Looking at those rules, we can make the shittiest division in the history of programming to get to try this thing:

unsigned __aeabi_uidivmod(unsigned num, unsigned den)
  // r0 and r1 already correct here due to aeabi calling convention
  int quotient = 0;

  while(num > den)
    num -= den;

  volatile register int r1 asm("r1") = num;
  asm("" : /**/ : "r"(r1) : /**/); // output: remainder
  return quotient; // r0

So we replace the step Concatenate the header stub and intro together. with:

Linking these three together gives us an object file from which we can step through the rest of the steps, and produces a real, working tiny Raspberry Pi intro executable:

Wrote 'src/intro': 1782 bytes

The size is kind of depressing though. Identical stub displaying the same raycast sphere and playing the same Viznut bytebeat is 1100 bytes on FreeBSD-amd64 and 1040 bytes on FreeBSD-ia32.

It’s obvious having to do division manually as an algorithm is increasing that size a bit, but part of the problem lies in the current Raspberry Pi distributions. On normal desktop FreeBSD/Linux, when you want a window with a GL context and mouse cursor hidden, that’s 3 calls. On Raspberry Pi, SDL won’t do that for you, and to have the same result, you need 12 calls. Additionally it’s not only parameters to functions, you need to have structures initialized to set values passed to the egl/VideoCore calls… very much as if one tried to manually make a GLX display context. Slow, tedious, and quite a lot of bloat.

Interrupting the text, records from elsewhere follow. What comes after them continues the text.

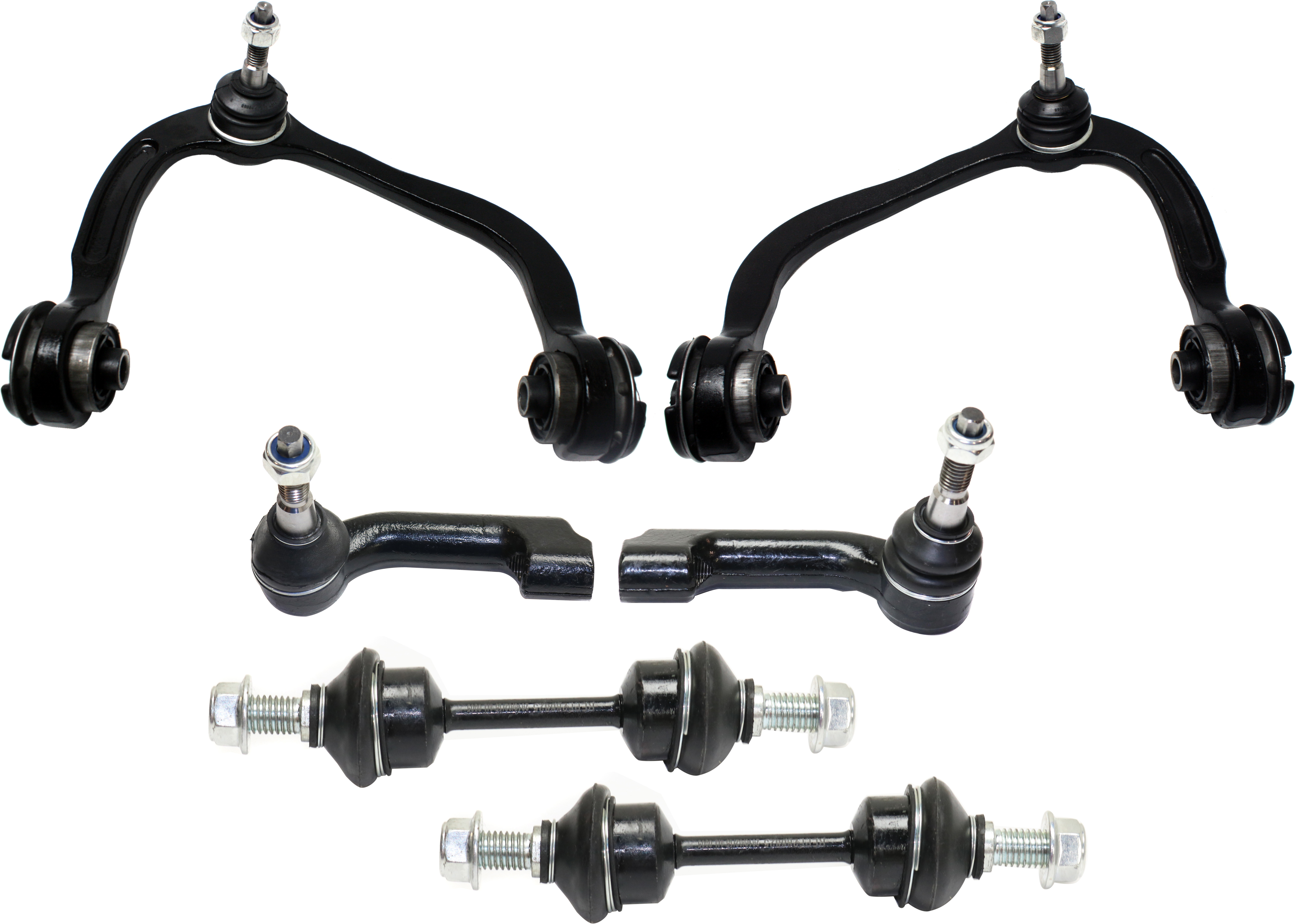 AM EXPEDITION NAVIGATOR 07-14 FRONT CONTROL ARM RH AND LH Upper 6 pc Kit with Sway Bar Links and Tie Rod Ends SKU KIT 112217-38 OEM 4L3Z3085AB 6L3Z3085AL 7L1Z3085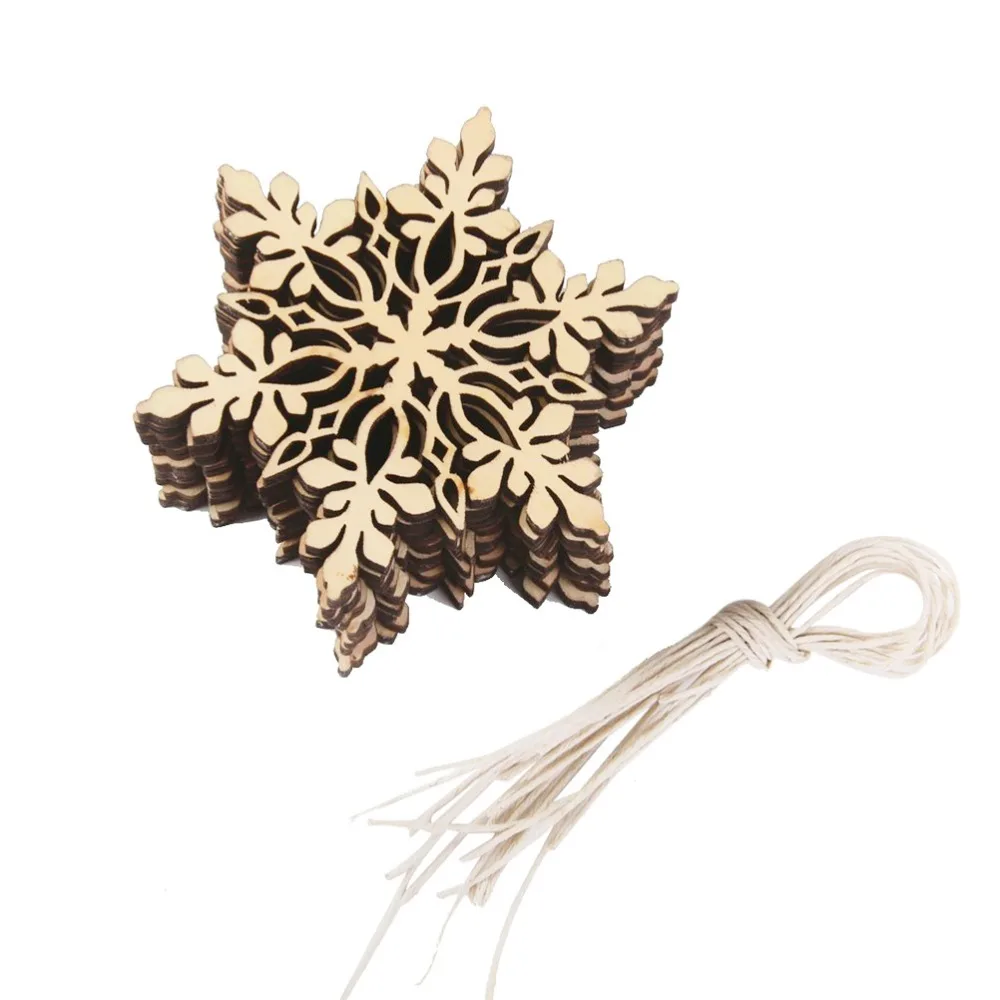 10pcs Unfinished Natural DIY Wood Slice Xmas Ornaments Cut Wood Slices Tags Snowflake Cutout for Holiday Season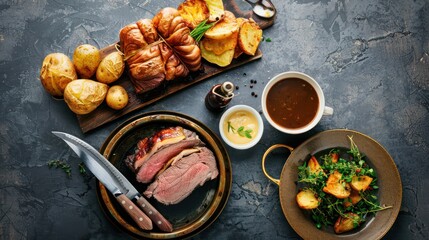 Wall Mural - A traditional roast beef dinner with Yorkshire pudding, roast potatoes, and gravy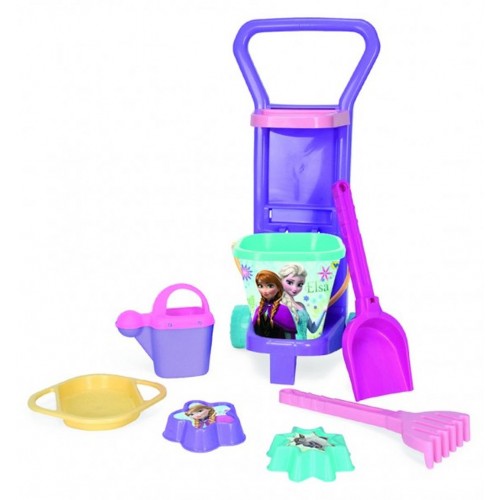 Vozík na pláž sada na piesok plast 59cm Ľadové kráľovstvo / Frozen v sieťke Wader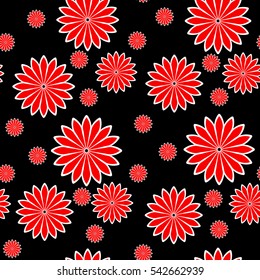 Cute red flowers. Vector seamless pattern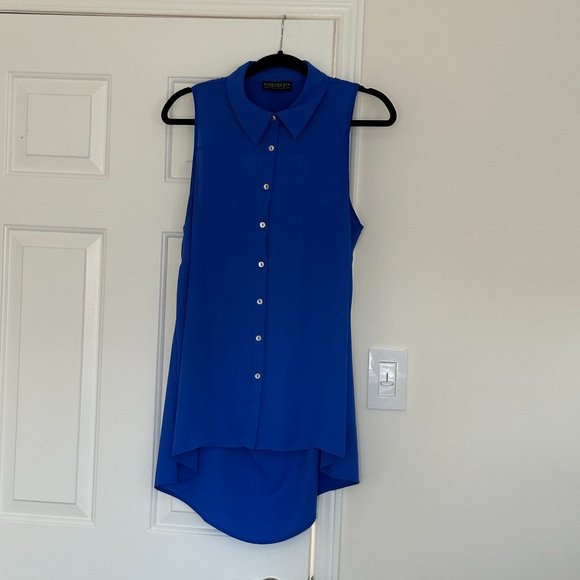 FOREVER21+ Blue Open Back Flowy Top - Picture 1 of 4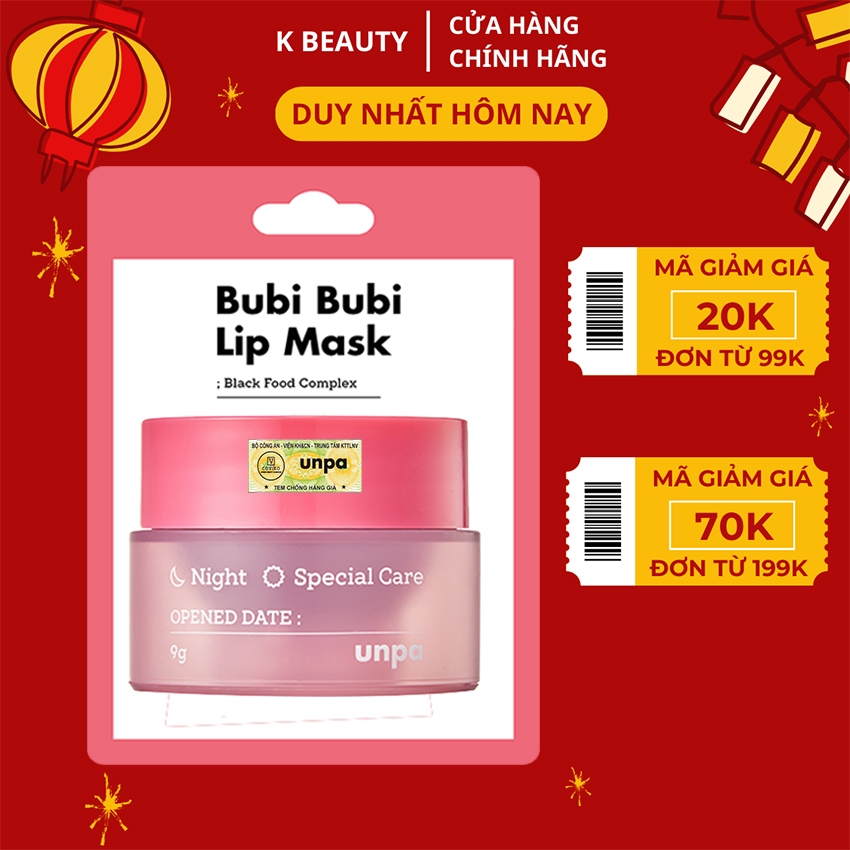 Mặt nạ ngủ cho môi Unpa Bubi Bubi Lip Mask hương quả mọng làm hồng môi 9G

(that memset actually comes from right here, probably something stupid in my code, but ld decides it’s better off inserting a memset than using the assembly verbatim)

All in all, this means 4k is very much possible, but as things stand, 1k seems way out of reach. Even if Yellow Rose established SDL as the one de-facto library accepted for small intros on *nix, the one included in the most popular RasPi distro (Raspbian) does not automate anything.

When we made My Mistress the Leviathan for a platform that is very similar in performance to Raspberry Pi 2B, we included SDL2 .deb for Odroid C1+ in the release. This is because at the time of development, dependency hell in Hardkernel repository would remove Mali OpenGL driver if you installed their SDL2 (package built from their exact sources worked just fine tho). Even given the sorry state of any ‘official’ SoC distributions, of which Raspberry Pi community is definitely the best one, pushing this kind of custom distribution stuff goes counter to the “it-has-to-run-with-what-comes-in-the-distribution” spirit.

If anyone has any info on sidestepping the massive egl/videocore bloat on RasPi I’m listening.